Lloyd, Anne Patricia
Jews under fire: the Jewish community and military service in World War I Britain
University of Southampton, School of Humanities,
Jewish and national histories have been interwoven in this study to probe the collision between perceptions of Jewish identity and the legacy of an imperial hierarchy of martial masculinity, conditioned by the pressures of war. It was to create significant dislocation, both in the traditional relationship between Jews and the State, and within the Jewish community.
The negative stereotype of the Jewish male, which emerged in fin de siècle, is examined from three inter-connected perspectives; Jewish responses to the evolution of a masculine cult in the prelude to 1914, the changing dynamics of Jewish interaction with State officialdom in the war years, and issues of integration and separation which contributed to the multi-faceted profile of the Jewish soldier.
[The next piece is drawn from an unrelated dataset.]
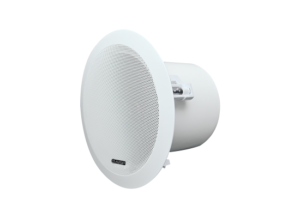 AISP CS-630T 6.5 inch Ceiling Speaker 30W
The results of archival research suggest that vested interests concerning the question of Jewish military service created tensions between Government Departments and within the community, where patriotism clashed with nationalism, both concepts being anathema to a large number of immigrant Jews. The consequences divided Jews in Britain, challenging the authority of the Anglo-Jewish elite, and revealing to the State its misconception of a Jewish corporate entity. Despite the Jews’ military record, and the incipient demise of ‘imperial man’, negative perceptions of the Jewish male were diminished but not eliminated.